§ Task description: Please retype the listing exactly as it appears, skipping each picture.

§ Available data:

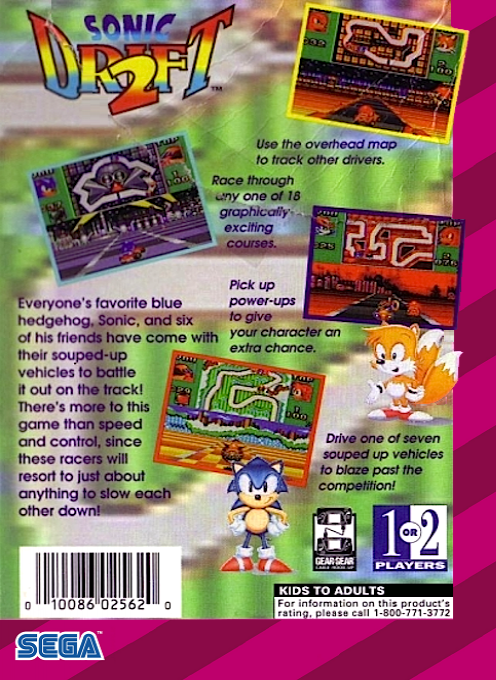 Sonic Drift 2 — Box back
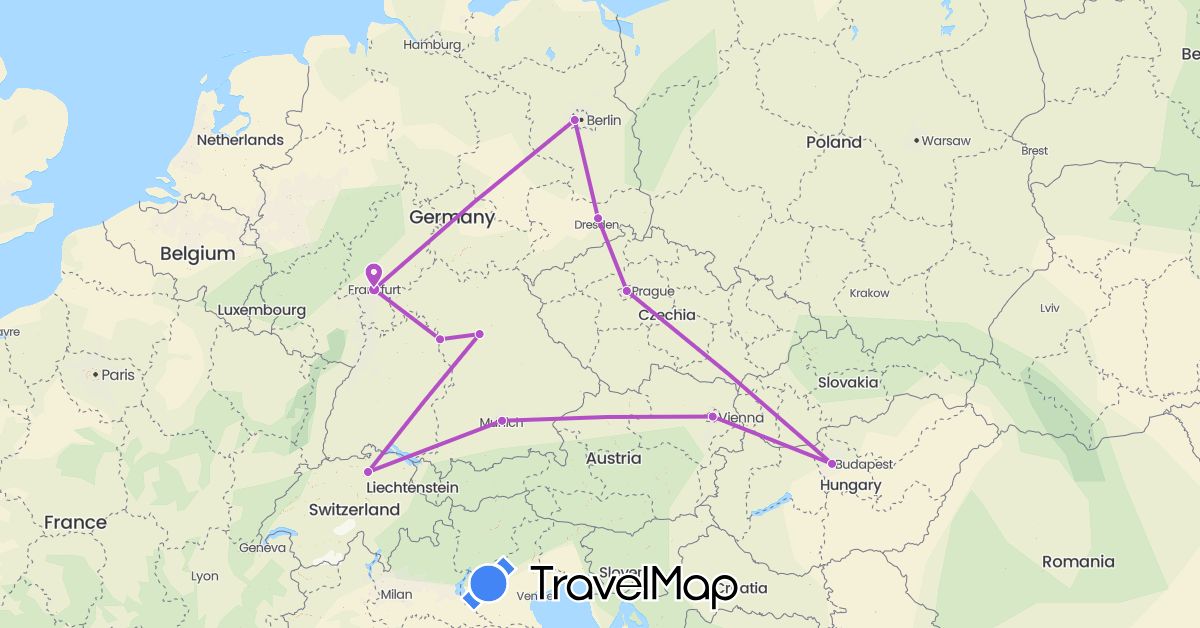 TravelMap itinerary: driving, train in Austria, Switzerland, Czech Republic, Germany, Hungary (Europe)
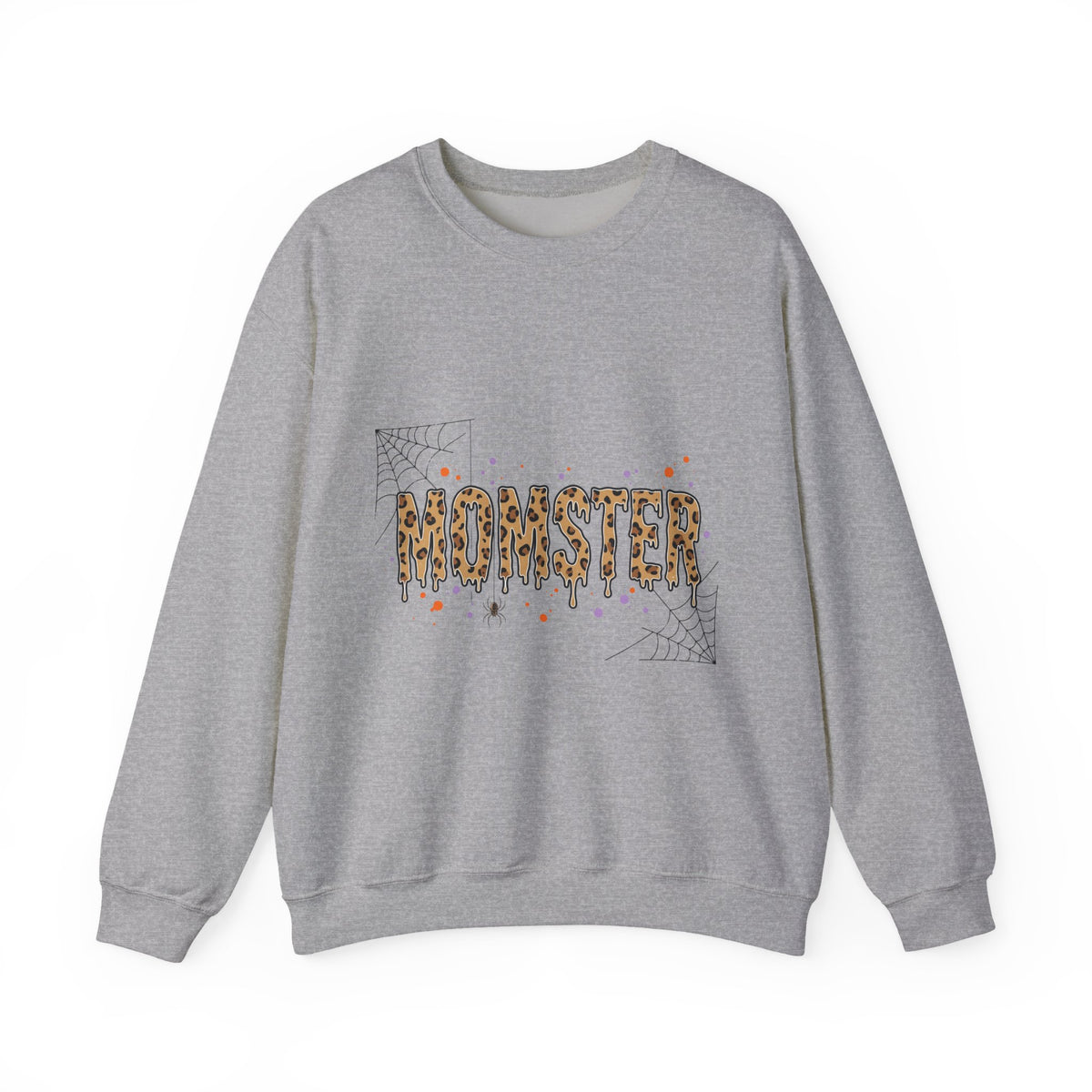 Momster Halloween Sweatshirt | Spiderweb, Dripping Lettering, Bat Accent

§ Your response:
 Sonic Drift 2 — Box back
 TravelMap itinerary: driving, train in Austria, Switzerland, Czech Republic, Germany, Hungary (Europe)
 Momster Halloween Sweatshirt | Spiderweb, Dripping Lettering, Bat Accent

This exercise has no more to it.